Year after year, the famed Los Angeles chef returns to the same medieval Italian village to relax, cook and find inspiration in the crisp chicken, rustic pastas and other satisfying dishes perfected by generations of women.
On a trip to Italy 15 years ago, Nancy Silverton discovered the Umbrian hilltop town of Panicale, on the outskirts of Perugia. The medieval village was so charming, she bought a house there. In Los Angeles, the F&W Best New Chef 1990 is very busy overseeing the mini empire she co-owns (Pizzeria Mozza; the meat-oriented Chi Spacca; and Osteria Mozza) and doesn’t spend very much time in her home kitchen. But when she’s in Panicale, she says, “I’m not just inspired to cook; I’m inspired to cook simply.”

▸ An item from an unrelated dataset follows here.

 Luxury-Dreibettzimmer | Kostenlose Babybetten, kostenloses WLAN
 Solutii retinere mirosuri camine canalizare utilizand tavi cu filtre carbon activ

Silverton is also inspired by all the women she finds in restaurant kitchens throughout Italy, especially in small towns. In fact, her local spot, Ristorante Masolino, is run by three women: Bruna Belfico, her daughter Stefania, and her daughter-in-law Sonia. “In Umbria, the food is simple and all the menus are the same,” says Silverton. “But not everyone cooks well. At Masolino, the food is just right. The place captures the spirit of Italy so beautifully.” The Belfico women don’t usually let visitors into the kitchen, nor do they share recipes, but Silverton was allowed in when her friend Phil Rosenthal came to film his upcoming PBS show, I’ll Have What Phil’s Having. In the Masolino kitchen, Silverton discovered the secret to one of her favorite dishes, chickpea bruschetta: a very generous amount of olive oil. “My Italian is terrible, but I know olio and rosmarino, both of which are a big part of the recipe,” she says.